Yuriy Norshteyn’s Tale of Tales has twice been named the best animated film of all time by international juries – once in 1984 at the Los Angeles Olympic Arts Festival and once in 2002 at the Zagreb World Festival of Animated Films, yet I wonder how many people – especially outside of Russia where the film was made – having actually seen Yuriy Norshteyn’s 30 minute masterpiece. Like many Soviet filmmakers of his generation, Norshteyn ran into trouble with the authorities, who didn’t much like his films. Add this to the general basis in North America that animation is only for kids, and the bias against non-feature length films and it’s a bit of a wonder that anyone has seen Tale of Tales at all. But it should be seen – especially by those who love animation for adults.

Often compared to Tarkovsky’s The Mirror (it may be controversial for me to say this, but I much prefer this to The Mirror), Tale of Tales is a film about memories more than anything else. It has no narration, and very little dialogue, and tells a fractured, non-linear story. Some will say the film is crudely animated, and yet the images have a beauty to them all their own.

The film plays a like a dream – perhaps the dream of the baby we see early in the film, who is being sung a lullaby by his mother, as he suckles. A little grey wolf (perhaps he is the dreamer) acts as our guide through the layers of memory the movie goes through – each with its own visual look. Norshteyn flips the role normally ascribed to a wolf in fairy tales – he is not the big, bad wolf here, but a curious, sympathetic observer, who is trying to understand the lives he observes. At one point, he makes off with the baby and brings him to a bassinette in the woods. But he isn’t doing this to be cruel, he rocks the baby to sleep, singing the same lullaby his mother sang him early, as he peers at the baby, closer and closer, until he scares the baby and makes it start screaming – which makes the wolf rock the cradle harder to try and get it to sleep.
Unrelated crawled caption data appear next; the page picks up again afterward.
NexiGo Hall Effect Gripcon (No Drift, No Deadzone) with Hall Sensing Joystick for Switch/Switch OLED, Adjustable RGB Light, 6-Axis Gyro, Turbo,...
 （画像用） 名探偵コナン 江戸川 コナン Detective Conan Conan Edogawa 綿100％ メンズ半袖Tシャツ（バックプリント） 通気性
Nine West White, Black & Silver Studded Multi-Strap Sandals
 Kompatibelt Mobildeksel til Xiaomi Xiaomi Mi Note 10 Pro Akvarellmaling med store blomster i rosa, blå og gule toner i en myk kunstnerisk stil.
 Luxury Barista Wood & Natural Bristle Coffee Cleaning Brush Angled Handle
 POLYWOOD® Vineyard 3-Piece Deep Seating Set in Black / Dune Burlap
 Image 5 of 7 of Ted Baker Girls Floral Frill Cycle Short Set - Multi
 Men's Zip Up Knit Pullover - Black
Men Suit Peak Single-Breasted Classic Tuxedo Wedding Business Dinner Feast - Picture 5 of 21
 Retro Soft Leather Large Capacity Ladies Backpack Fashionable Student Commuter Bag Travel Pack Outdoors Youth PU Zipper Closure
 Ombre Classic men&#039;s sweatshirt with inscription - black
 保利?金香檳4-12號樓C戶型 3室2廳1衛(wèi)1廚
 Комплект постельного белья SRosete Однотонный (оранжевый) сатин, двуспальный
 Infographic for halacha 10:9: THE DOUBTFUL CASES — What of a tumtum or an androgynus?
There are other scenes. A wistful scene of a child jumping rope with a bull spinning the rope (although the bull likes to take his turn as well), where the animation is so faint it’s appears to be in danger of disappearing altogether. These scenes seem to be the happy nostalgia we ascribe to our childhood – the family here seems to be happy and cohesive. Not so in another segment – with brighter colors, where a little boy tries to feed crows in a snowy wonderland, as his miserable parents sit on a bench below and argue as the father drinks from a vodka bottle. In the saddest scene in the film, Norshteyn shows the huge losses Russia suffered during WWII in a remarkable way – couple dancing the tango, and every time the record skips, another man disappears, and the woman is seen dancing in circles alone – until all the women are alone, and then men are scene as ghostly soldiers, still marching in formation.

If one so wanted to, you could probably ascribe different meanings to each of the films segments, and come up with how they all come together. But I don’t think that’s really necessary – and is perhaps besides the point. Tale of Tales is a movie about memories, that itself plays like memories – jumping for one scene to the next, and back again, much like our mind does. Can I explain all of Tale of Tales? No. Do I want to? No. The film weaves a spell all of its own, evoking memories and feelings in the viewer that are impossible to explain. Is Tale of Tales the best animated film of all time, as some have claimed? Not to me - I would probably pick something by Miyazaki. But does it really matter that much? Tale of Tales should be seen by anyone who values animation as more than just kids’ stuff – but the art form it truly is.